Romania held its presidential election in two rounds, November 22 and December 6, 2009, returning incumbent Traian Basescu for a second 5-year term in office. President Basescu asked former Prime Minister Emil Boc to form a new government; a new governing coalition was sworn in December 22, 2009, comprised of the Democrat-Liberal Party (the PDL), the Hungarian-ethnic UDMR alliance, plus Independent and Minority bloc parliamentarians.

This Government, like its 2009 predecessor, is focused on an anti-crisis program to mitigate the impact of the financial and economic crisis, supported by the €20 billion aid package. Given the critical importance of sparking sustained economic development, the Company continues to draw public and political attention to the significant economic opportunity its Project represents, while conforming to the highest standards on environment, patrimony and social matters.
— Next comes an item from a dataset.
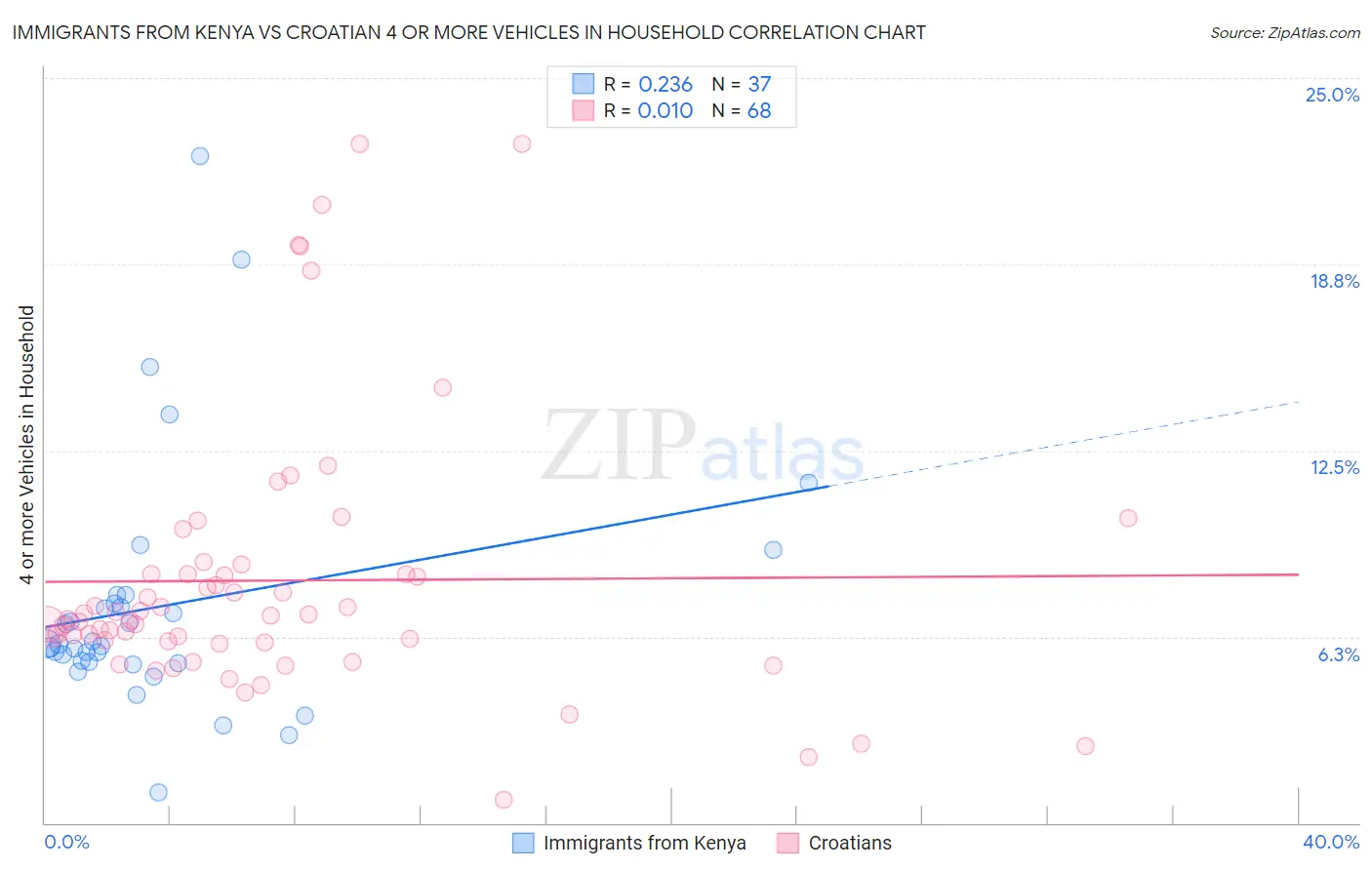 Immigrants from Kenya vs Croatian 4 or more Vehicles in Household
Throughout 2009, the Project received strong support from members of the local and regional political leadership of both parties in the then-ruling coalition government. This support was manifested through, among other things, a series of open letters to various government ministries. These open letters consistently requested that the government restart the Environmental Impact Assessment ("EIA") review process immediately.

During the final presidential debate, President Basescu made a strong statement regarding the importance of the Rosia Montana Project ("the RMP"), and the Minister of Economy included the RMP in Romania's governing programme. While the new Minister of the Environment has voiced skepticism about the Project, he has framed his comments around the expectation that it must meet all relevant laws and regulations – standards fully embraced by the Company, and built into the Project's design and operational plans. The Minister of the Environment has publicly stated his intention to visit Rosia Montana, while President Basescu has declared his intention to discuss Rosia Montana in the CSAT – Romania's council on national security issues.

Under previous governments, several "private member bills" were introduced for consideration by the Romanian Parliament. Each bill was intended to block the Project, either by banning the use of cyanide in mining operations, or by creating a protected status for the area designated for mining. One of the bills related to the creation of protected areas was voted down and the other two were transferred to the new Parliament and remain in the Parliamentary Committee process. The sponsors of the bills are no longer members of Parliament. With a new Parliament in place, it is not possible to determine when or if any of these bills will be tabled for consideration and a vote taken in the Chamber of Deputies. In the ordinary course of any Parliamentary session many legislative bills are introduced for debate some of which, when passed in their final form, could have an adverse impact on the Project from an economic, permitting or operations perspective. At this time the Company cannot predict what these potential outcomes may be given the inherent unpredictability of the parliamentary review process, however the two private members bills mentioned above are the only ones currently before Parliament which have been expressly proposed to stop the Project.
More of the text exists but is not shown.